Art at all costs

Megan Holloway Fort Art

Scene on the Magdalene by Frederic Edwin Church, 1854. This is one of two paintings sold last fall by the National Academy in New York to raise operating funds.

A series of recently announced budget cutting measures by a number of museums raises tricky questions about the value of the arts, the responsibilities of museums to the public and expectations for their profitability, and even the prospects of a degree in the humanities.

Just last week, the board of the Metropolitan Museum of Art announced its decision to close fifteen of its satellite shops around the country, in addition to imposing a hiring freeze and curtailing staff travel and entertainment as well as the use of temporary employees. The museum’s president Emily Rafferty added that “we cannot eliminate the possibility of a head-count reduction.” The Indianapolis Museum of Art will eliminate fifteen full-time and six-part time jobs. Six vacant full-time positions will not be filled, and the use of temporary seasonal employees has been limited.
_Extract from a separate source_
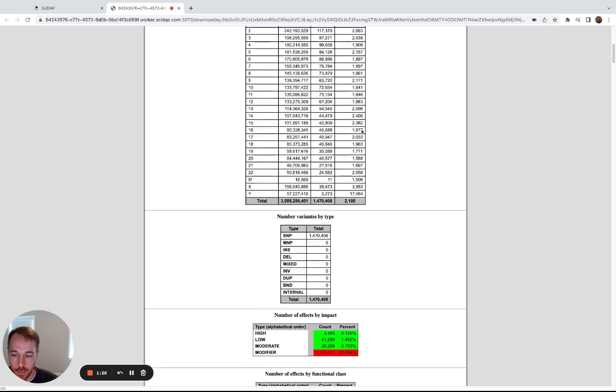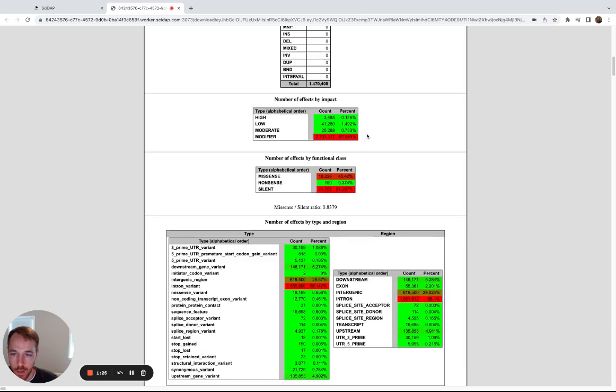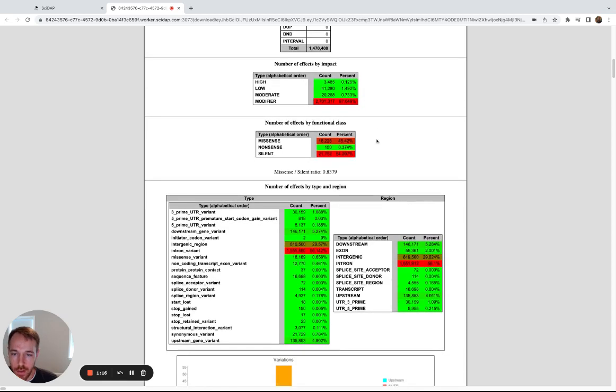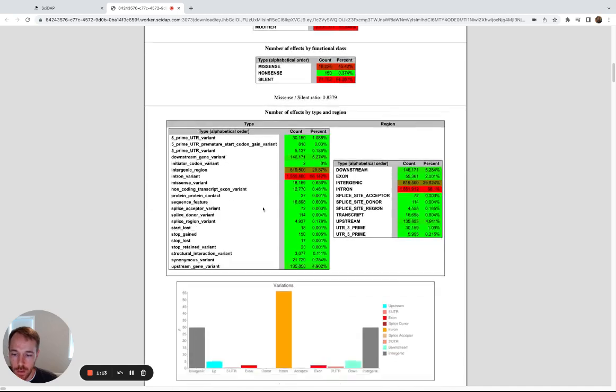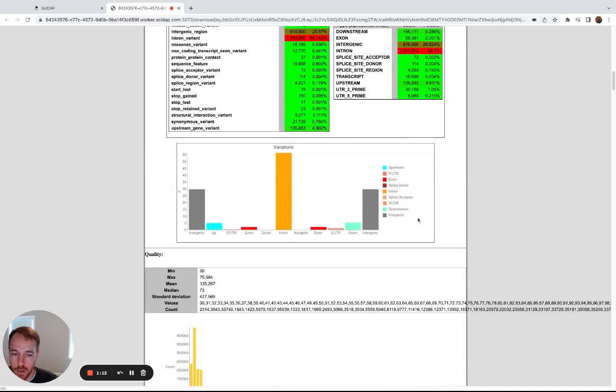This one breaks it down by chromosome. It gives you kind of a summary of the impact, broken down by percent of the variants that were identified, as well as broken down by functional class, type and region.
In addition, several curatorial projects have been put on hold—the number of special annual exhibitions has been cut from three to two, and the opening of the Virginia B. Fairbanks Art and Nature Park has been pushed back to spring 2010. The High Museum in Atlanta is cutting $1.4 million from its budget, mostly by reducing staff salaries, requiring employees to take periods of unpaid leave, putting a freeze on hiring, redistributing staff responsibilities, and eliminating five full-time and three temporary positions. And so on, and so on.

All of the museums are promising that the various measures will not affect visitors’ overall experience, but one wonders: how is it possible that less programming and fewer staff members to create and implement these programs will not inevitably lead to a diminished experience? And if members of the public are getting less personal satisfaction from their visits, how can these institutions expect that memberships, donations, and attendance will not drop off more than they already have, leading to even greater financial shortfalls?

The National Academy Museum in New York did not appear to have its public in mind at all when it quietly sold two major Hudson River school paintings—Frederic Edwin Church’s Scene on the Magdalene from 1854 and Sanford Robinson Gifford’s Mount Mansfield, Vermont from 1859-for about $15 million to bolster its finances this past fall. But it should have. Many museum professionals and observers share the opinion that museums get tax-deductible donations of art and cash to safeguard art collections for the public and that selling off any holdings for profit thus betrays that trust, not to mention robs a community of art. Both the American Academy of Museums and the American Association of Museum Directors have firm policies against museums’ selling works of art because of financial hardship. Under the code of ethics of the American Association of Museums, the proceeds should be “used only for the acquisition, preservation, protection or care of collections.” The code of the Association of Art Museum Directors is even stricter, specifying that funds should not be used “for purposes other than acquisitions of works of art for the collection.” The National Academy planned to use the funds to cover shortfalls in its operating budget, and the museum’s director Carmine Branagan has since withdrawn her membership from both groups.

But, some have argued, isn’t it better for the community to have a museum sell artworks if the other option is to close altogether? Recent months have seen the ends of the Rose Art Museum at Brandeis University in Massachusetts and the Las Vegas Art Museum, among others. The public outcry was probably greatest in response to the Rose’s closing, but one person commenting on the scene in Las Vegas summarized it best: “The loss is quite a blow to the community.” Closing the National Academy would certainly be a blow as well.

To those of us who work in the field, these cuts and closings are particularly worrisome not only because they limit the public’s opportunities to engage with and learn from works of art and other museum programming-lectures, concerts, and other educational events—but also because of their impact on our individual careers. As is well known by anyone graduating with an art history degree, be it a B.A., M.A., or a Ph.D., the demand for good jobs always outnumbers the supply, leading to underemployment in terms of both level of responsibility and salary. Patricia Cohen’s recent article in the New York Times, “In Tough Times, the Humanities Must Justify Their Worth,” explores the problem at the institutional level: with the economy as bad as it is, can students and their parents justify spending, in many cases, hundreds of thousands of dollars for an education that doesn’t provide any practical job training? While this has certainly always been an issue-I can recall my parents even in the early 1990s asking me “But what are you going to do with a degree in art history?”-the question has even more urgency in our more complex and technologically demanding twenty-first-century world. In response, humanities departments at a number of colleges and universities are also now facing hiring freezes and head-count reductions, along with numerous other budget cutting measures.

As the depth and breadth of our current financial crisis becomes more apparent by the hour, one can only hope that art museums and humanities educations will not become luxuries that communities and families can no longer afford.